Taking a page from traditional herbal medicine and combining two herbs with different mechanisms of action, this interesting clinical trial suggests that the combination of black cohosh and St. John's wort safely and effectively reduced menopausal symptoms such as hot flashes and depression. Practitioners should note the lower dose of St. John's wort used in this trial compared to those that have measured its efficacy alone for mild-to-moderate depression. It is interesting to note that a rather obscure 1999 clinical trial found that 900 mg/d of St. John's wort extract for 12 weeks effectively treated both vasomotor symptoms and depression in menopausal women.3 This trial used a dose of 900 mg/d and was not placebo-controlled. The combination product used in this trial is available commercially in Europe but not in the United States.

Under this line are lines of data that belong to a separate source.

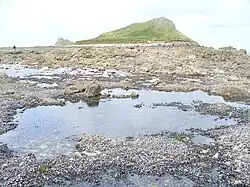 Photographie d'une île à marée basse.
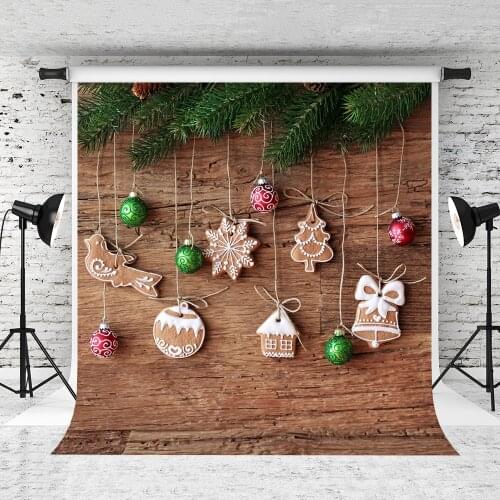 VinylBDS 10X10FT Christmas Backdrop Photography Gingerbr Photo Backdrops Wood Background Branch For Children Photo Studio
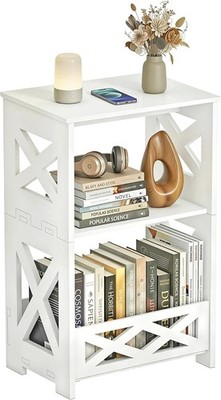 BYFU White Side Table, Small End Table with Storage Shelf, 3-Tier Nightstand Bed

It should be noted that the daily dose of black cohosh and St. John's wort extracts was approximately 80 mg/d and 1,200 mg/d, respectively for the first eight weeks and 40 mg/d and 600 mg/d, respectively for the last eight weeks of the trial. Therefore, the dose of black cohosh for the first half of the trial was roughly double the dose used in more recent trials of black cohosh, and the dose of St. John's wort was 300 mg/d greater than the standard 900 mg/d used in most depression trials with the extract. The dose of black cohosh used in the second half of the trial is more in line with that used in more recent trials.

The results of this clinical trial suggest that the combination of black cohosh and St. John's wort may be useful in treating both vasomotor symptoms associated with menopause as well as depression. Future trials should focus on a more standardized dosage regimen and also include comparisons with black cohosh and St. John's wort alone. Current case reports in the literature and pharmacological studies suggest that St. John's wort should not be used concomitantly with cyclosporine, indinavir, irinotecan, digoxin, warfarin, theophylline, carbamazepine, phenprocoumon, and amitriptyline hydrochloride. It also should be used cautiously in women taking oral birth control pills. Due to risk of serotonin syndrome, it also is contraindicated in patients taking SSRIs.

References

1. Kockler DR, McCarthy MW. Antidepressants as a treatment for hot flashes in women. Am J Health Syst Pharm 2004;61:287-292.

2. Osmers R, et al. Efficacy and safety of isopropanolic black cohosh extract for climacteric symptoms. Obstet Gynecol 2005;105:1074-1083. Erratum in: Obstet Gynecol 2005;106:644.

3. Grube B, et al. St. John's wort extract: Efficacy for menopausal symptoms of psychological origin. Adv Ther 1999;16:177-186.